ベンゲル対クライフ。26年前、初めてCLを観た驚きのスタジアム (2ページ目)

  • 杉山茂樹●文 text by Sugiyama Shigeki
  • 赤木真二●写真 photo by Akagi Shinji

 ジェノバで空き時間が生まれたので、どうしようかと思案していた時、現地の通訳から「だったら、モナコに行ってくれば? ちょうどバルセロナとモナコが試合をするから」と、提案された結果だった。

 モナコとジェノバはどのような位置関係にあるのか。別の国にある両都市が普通列車に揺られること2時間で到着する距離にあるとは、想像していなかった。

 ヴェンティミーリアという駅に到着すると、厳めしい顔をした警察官が乗り込んできた。そこはイタリアとフランスを隔てる国境の駅で、そこから先、つまりフランスに行くためには、パスポートの提示が必要だった。

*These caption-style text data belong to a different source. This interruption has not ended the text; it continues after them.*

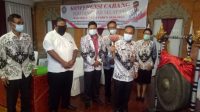 CAMAT Denpasar Selatan, I Wayan Budha, didampingi Ketut Suarya dan jajaran PGRI Denpasar Selatan saat membuka Koncab PGRI Kecamatan Denpasar Selatan, Selasa (22/12/2020). Foto: tra CAMAT Denpasar Selatan, I Wayan Budha, didampingi Ketut Suarya dan jajaran PGRI Denpasar Selatan saat membuka Koncab PGRI Kecamatan Denpasar Selatan, Selasa (22/12/2020). Foto: tra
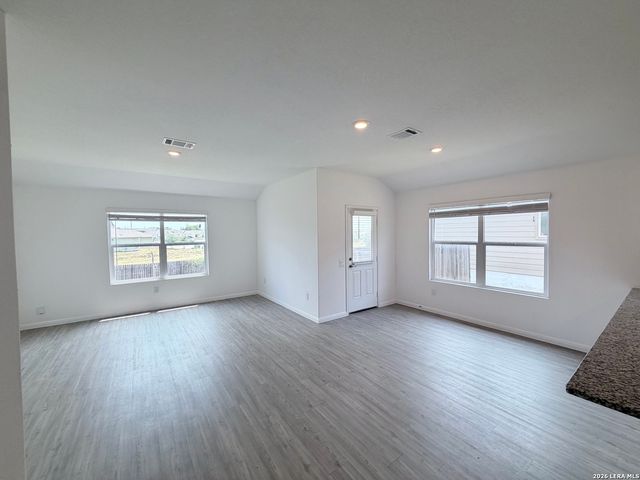750 Haas Way, San Antonio, TX 78221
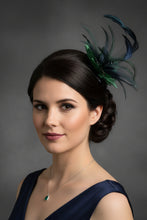 Load image into Gallery viewer, Stunning Green &amp; Black fascinator. FS016
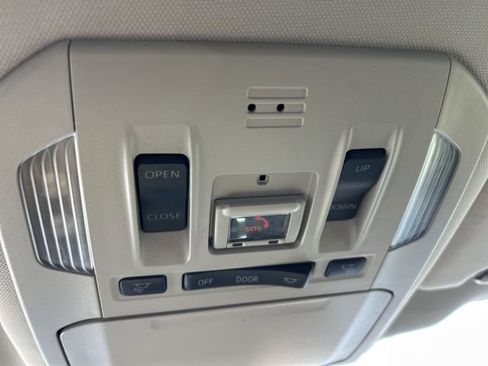 Used 2021 Toyota Highlander Limited image 22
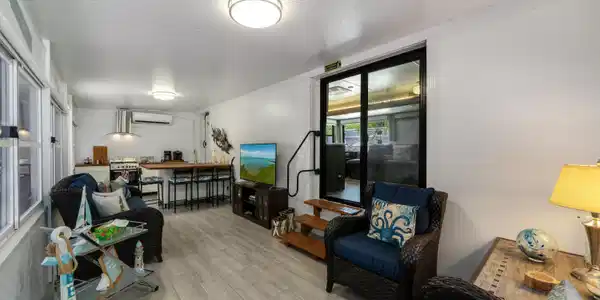 Image 3: Interior entrance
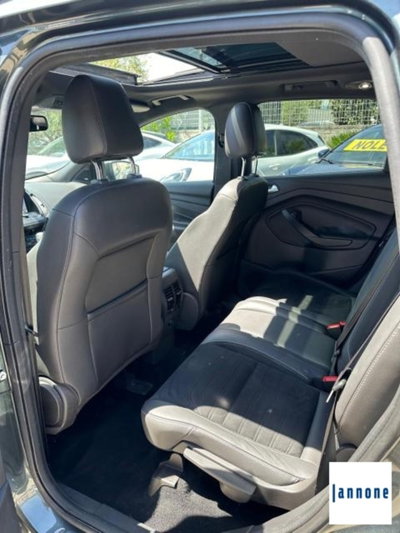 Ford Kuga 2.0 TDCI 150 CV S&S 4WD ST-Line (10)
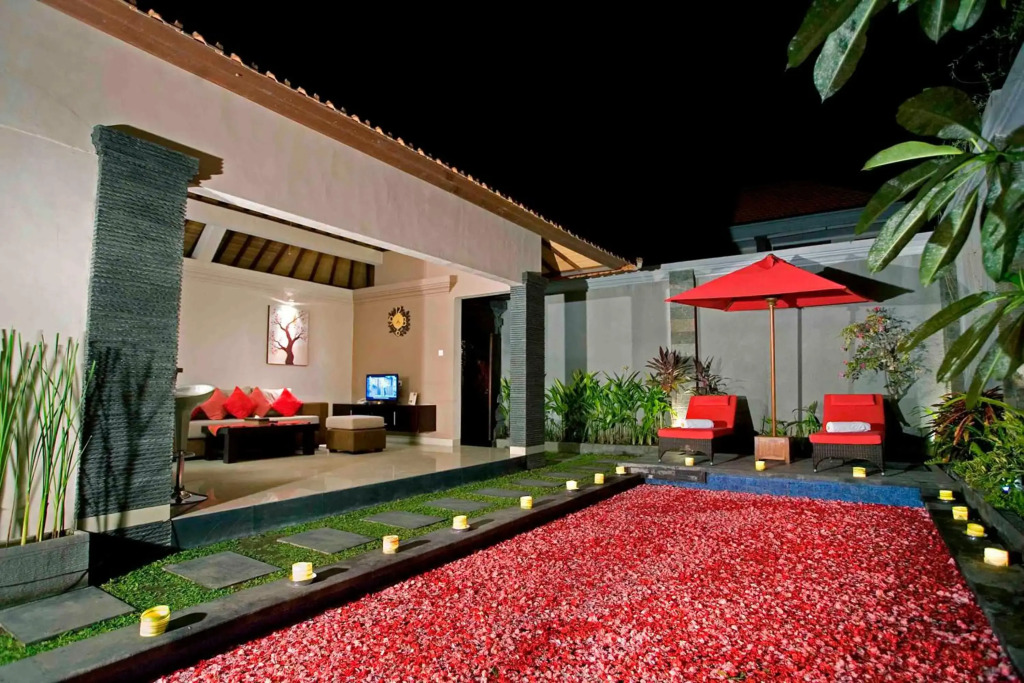 Family three bed room neil villa private pool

いわゆるシェンゲン条約の内容が施行されたのは95年3月なので、これはパスポートコントロールが廃止されるおよそ1年前の前の出来事になる。

 だが、モナコはフランスではない。バチカン市国に次ぐ世界で2番目に面積の小さな国。正式名称はモナコ公国になる。しかし、フランスとの国境を遮る何かがあるわけではない。両国間は当時もパスポートを提示することなしに行き来できた。同様に通貨もフランスフランがそのまま使われていた。地元のクラブ、ASモナコがフランスリーグに所属することに違和感はなかった。